:: DATASET CONTENT
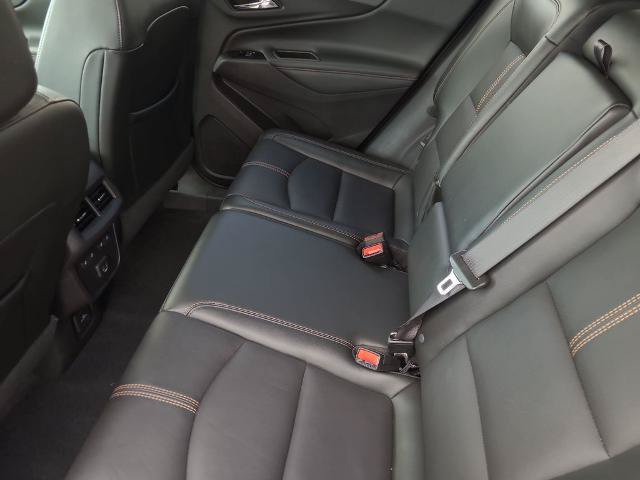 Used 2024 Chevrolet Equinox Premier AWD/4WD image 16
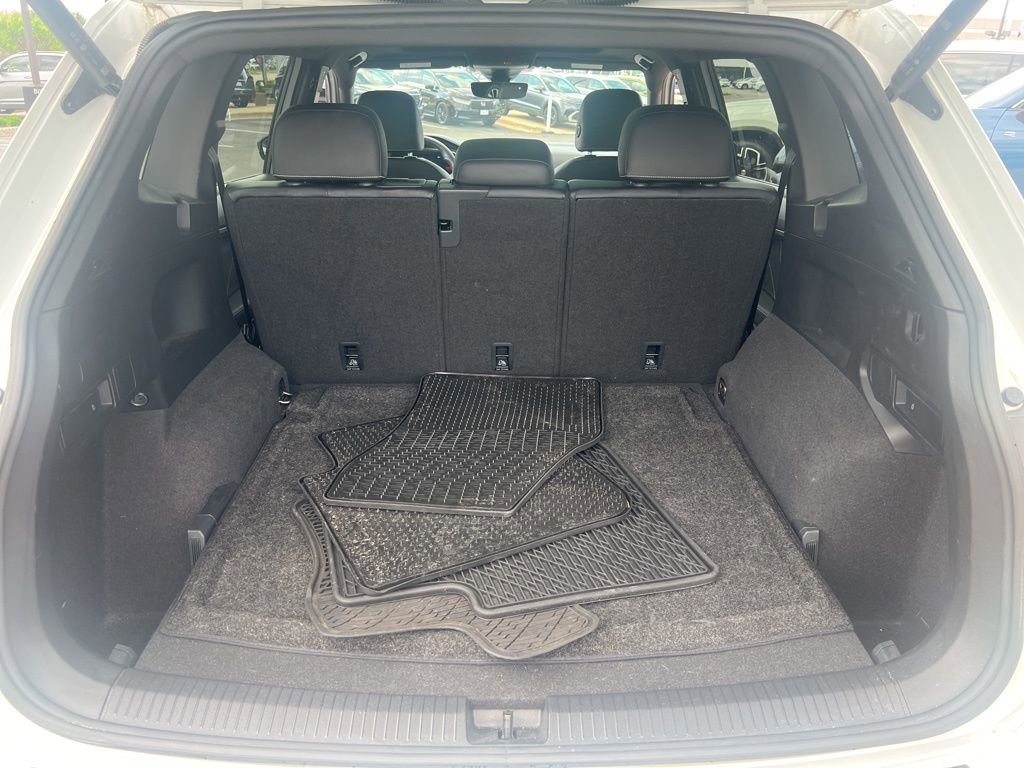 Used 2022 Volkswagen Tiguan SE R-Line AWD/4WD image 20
::::
:: DATASET CONTENT
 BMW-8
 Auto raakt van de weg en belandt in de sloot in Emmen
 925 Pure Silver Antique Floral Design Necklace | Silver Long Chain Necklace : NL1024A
::::
## [WHAT IS NEEDED]
Only the lines above starting with the line with "Used 2024 Chevrolet" and going on through the line with "Used 2022 Volkswagen" belong in the answer; repeat them exactly, minus any picture.

## [FINISHED TASK]
 Used 2024 Chevrolet Equinox Premier AWD/4WD image 16
 Used 2022 Volkswagen Tiguan SE R-Line AWD/4WD image 20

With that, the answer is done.